Interim Relief and the Court’s Role

Arbitration provides parties with a unique opportunity to prospectively choose a private system of justice. Parties who elect to arbitrate have enormous latitude to select which arbitration rules to follow, the language to be used, and even the applicable law. In recent years a number of international arbitration institutions have amended their respective rules to facilitate both obtaining interim relief from the tribunal and appointing emergency arbitrators where the issue is raised prior to the tribunal's appointment. However, even with these amendments, an arbitral tribunal is not a fully self-contained forum. National courts continue to play a vital role before, during, and after arbitration proceedings. In many respects effective arbitration depends on national courts, particularly for enforcement.

The ICC is one example of an institution that has taken steps toward modifying their rulesto allow for emergency measures of protection. According to the rules of the ICC, an emergency arbitrator may be appointed in order to deal with matters of interim relief. A party is able to seek relief before an arbitral tribunal is in session if the party is able to demonstrate the urgency of a matter. The party is thus provided with a relatively quick alternative to state courts for seeking interim measures, without the delay that sometimes accompanies the appointment process of the arbitral tribunal.

The International Centre for Dispute Resolution (ICDR) is another well-known arbitral institution. The ICDR international rules have had similar emergency measures available since 2006 and, in that time, the ICDR reports that they have had a number of rulings under its emergency arbitrator provisions, with an average decision time in the range of 20 days from filing.

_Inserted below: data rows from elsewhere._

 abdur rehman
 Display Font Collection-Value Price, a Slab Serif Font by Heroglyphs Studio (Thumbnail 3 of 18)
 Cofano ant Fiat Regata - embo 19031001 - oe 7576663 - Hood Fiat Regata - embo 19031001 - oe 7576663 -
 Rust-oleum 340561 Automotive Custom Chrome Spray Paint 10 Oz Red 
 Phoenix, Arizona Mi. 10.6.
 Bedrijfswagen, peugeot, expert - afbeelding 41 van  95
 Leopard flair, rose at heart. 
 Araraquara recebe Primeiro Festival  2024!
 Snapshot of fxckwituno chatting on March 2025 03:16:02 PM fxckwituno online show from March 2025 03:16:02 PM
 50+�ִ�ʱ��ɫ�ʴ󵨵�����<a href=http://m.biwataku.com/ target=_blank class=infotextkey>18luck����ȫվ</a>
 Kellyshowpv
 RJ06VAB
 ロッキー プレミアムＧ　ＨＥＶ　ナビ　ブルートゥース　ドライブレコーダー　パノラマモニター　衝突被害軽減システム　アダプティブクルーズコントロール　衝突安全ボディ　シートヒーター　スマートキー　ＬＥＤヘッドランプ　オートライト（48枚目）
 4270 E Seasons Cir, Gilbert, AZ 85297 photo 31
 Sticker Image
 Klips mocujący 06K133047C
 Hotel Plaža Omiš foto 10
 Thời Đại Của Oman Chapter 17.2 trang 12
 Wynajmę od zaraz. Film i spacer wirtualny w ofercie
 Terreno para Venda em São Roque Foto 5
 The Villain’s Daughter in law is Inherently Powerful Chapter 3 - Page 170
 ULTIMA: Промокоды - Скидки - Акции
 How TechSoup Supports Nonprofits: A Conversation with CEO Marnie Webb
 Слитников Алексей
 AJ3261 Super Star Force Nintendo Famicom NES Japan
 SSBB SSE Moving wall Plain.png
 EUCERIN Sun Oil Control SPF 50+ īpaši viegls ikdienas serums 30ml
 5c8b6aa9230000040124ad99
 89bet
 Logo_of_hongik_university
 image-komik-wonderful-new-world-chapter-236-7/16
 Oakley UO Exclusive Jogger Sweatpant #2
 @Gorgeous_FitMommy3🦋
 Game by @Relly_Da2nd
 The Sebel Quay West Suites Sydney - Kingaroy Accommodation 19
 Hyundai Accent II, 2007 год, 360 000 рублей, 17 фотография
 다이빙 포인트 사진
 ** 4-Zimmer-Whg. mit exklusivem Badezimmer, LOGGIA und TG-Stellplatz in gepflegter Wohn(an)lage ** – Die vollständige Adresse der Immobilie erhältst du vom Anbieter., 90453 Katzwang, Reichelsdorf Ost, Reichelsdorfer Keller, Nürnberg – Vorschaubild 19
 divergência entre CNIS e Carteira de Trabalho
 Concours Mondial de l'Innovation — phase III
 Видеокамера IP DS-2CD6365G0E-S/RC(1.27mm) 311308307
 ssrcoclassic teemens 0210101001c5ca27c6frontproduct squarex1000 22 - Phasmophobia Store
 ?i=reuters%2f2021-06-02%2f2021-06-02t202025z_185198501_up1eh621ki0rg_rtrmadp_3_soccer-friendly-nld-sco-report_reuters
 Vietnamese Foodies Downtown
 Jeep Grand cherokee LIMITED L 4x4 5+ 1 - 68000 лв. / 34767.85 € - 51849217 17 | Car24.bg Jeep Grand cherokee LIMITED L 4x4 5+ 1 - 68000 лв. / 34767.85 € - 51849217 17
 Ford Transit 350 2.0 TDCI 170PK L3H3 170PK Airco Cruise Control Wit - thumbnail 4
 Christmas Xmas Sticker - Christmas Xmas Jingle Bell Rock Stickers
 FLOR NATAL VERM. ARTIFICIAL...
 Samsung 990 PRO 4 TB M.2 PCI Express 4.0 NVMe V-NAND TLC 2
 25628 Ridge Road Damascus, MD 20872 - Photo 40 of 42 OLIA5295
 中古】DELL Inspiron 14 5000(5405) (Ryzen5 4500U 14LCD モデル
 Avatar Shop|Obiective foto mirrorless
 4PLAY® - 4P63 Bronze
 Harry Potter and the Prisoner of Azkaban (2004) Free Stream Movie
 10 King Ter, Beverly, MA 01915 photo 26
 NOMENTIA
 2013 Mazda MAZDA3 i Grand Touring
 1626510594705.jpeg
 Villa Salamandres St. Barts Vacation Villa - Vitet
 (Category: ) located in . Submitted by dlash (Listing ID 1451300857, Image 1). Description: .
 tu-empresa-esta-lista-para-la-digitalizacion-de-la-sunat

A more recent example of an arbitration institution trying to make it easier for parties to obtain interim relief from an arbitral tribunal arises out of the July 2013 Hong Kong Arbitration (Amendment) Ordinance (HKAAO). Through the HKAAO, Hong Kong's Administered Arbitration Rules changed such that there are now clearer procedures for emergency applications for interim relief and more well-defined powers of emergency arbitrators.

If a matter is deemed to be urgent, the rules specify that an emergency arbitrator will be appointed within two days after receipt of an application. The emergency arbitrator will then make an order or award within 15 days, a period which may be extended by agreement of the parties.

With the HKAAO, emergency relief granted inside Hong Kong is enforceable in the same manner as an order or direction of the court. However, relief granted outside Hong Kong will only be approved if the party seeking to enforce the relief can demonstrate that it is temporary and designed to serve one of six delineated purposes. The ability of a party to enforce emergency relief therefore varies greatly if it was not granted inside Hong Kong. These types of enforcement issues need to be considered when making the decision to apply for interim relief from an arbitral tribunal or from a local court.

When a party is faced with the risk of assets dissipating or evidence vanishing, the party generally has the choice of two avenues to seek preventative relief: (i) within the arbitral framework, or (ii) outside of the arbitral framework. The role of national courts is not limited to exercising facilitative and supervisory oversight of an arbitration proceeding; instead, in some instances, national courts are an indispensable forum outside the arbitral framework where emergency relief is sought and granted.

A party may elect to pursue emergency relief through national courts for a number of reasons. The most significant considerations are: (i) the relief may be obtained more quickly; (ii) the relief is more directly enforceable; and (iii) the relief may be more cost effective.

If it is critical to freeze assets or preserve evidence, a day can make all the difference. National courts generally can provide more expedient relief because notice requirements may be waived, and in some instances, orders are granted immediately. In contrast, if an arbitral tribunal has not been constituted, there remains the potential for delay in the time before an emergency arbitrator is appointed and the interim or conservatory order is made. Even if arbitral proceedings are ongoing and no emergency appointment is necessary, the party who obtains interim relief must have a national court recognize and enforce the arbitral order, assuming there is a risk that the opposing party will not voluntarily comply with the order. This two-step process of obtaining an emergency order and then seeking to have it recognized and enforced by a national court takes time and is more circuitous than applying to a national court directly. An arbitrator also has no jurisdiction to bind third parties in the enforcement of the order.

There are, however, potential disadvantages for the party who chooses to pursue interim relief from a national court instead of through the arbitral framework.

Because national courts are public forums, a party who desires or requires confidentiality may elect to resolve interim issues solely within the arbitral framework. In contrast to the relative certainty of selected arbitral rules, some national courts may apply unfavourable foreign procedural and substantive law. This problem is particular acute when state or national companies are party to the dispute. Another consideration is reliance on foreign counsel. Once an arbitral order is obtained, foreign counsel need only be retained to assist with seeking recognition and enforcement; in contrast, foreign counsel play a more central role in obtaining an order directly from a national court. While a party's level of confidence in the foreign counsel may not be an issue in some circumstances, in other circumstances, newly retained foreign counsel may lack familiarity with the procedural history of the dispute, the relationship between the disputing parties, and the business needs of their client.

In some cases involving a high degree of urgency, parties seek relief though both interim arbitral proceedings and the courts concurrently in order to prevent assets from dissipating or evidence disappearing. In those situations, a court order may be necessary to obtain relief that is effective immediately in the local forum. Once the interim arbitration proceedings are concluded and an arbitral order is (hopefully) granted, the arbitral order becomes an effective bargaining chip in the arbitration proceedings itself. Most of the institutional rules provide either expressly or otherwise for the tribunal to address breaches of interim arbitral orders (see, for example, ICC Rules, Article 29(4)).

In short, there are a number of considerations and options that must be evaluated when assets are at risk of dissipating or other situations arise that require urgent relief in international arbitrations. Whether an application is made before an emergency arbitrator, the tribunal or the courts, when a case calls for interim relief national courts assistance is a necessary part of the strategy.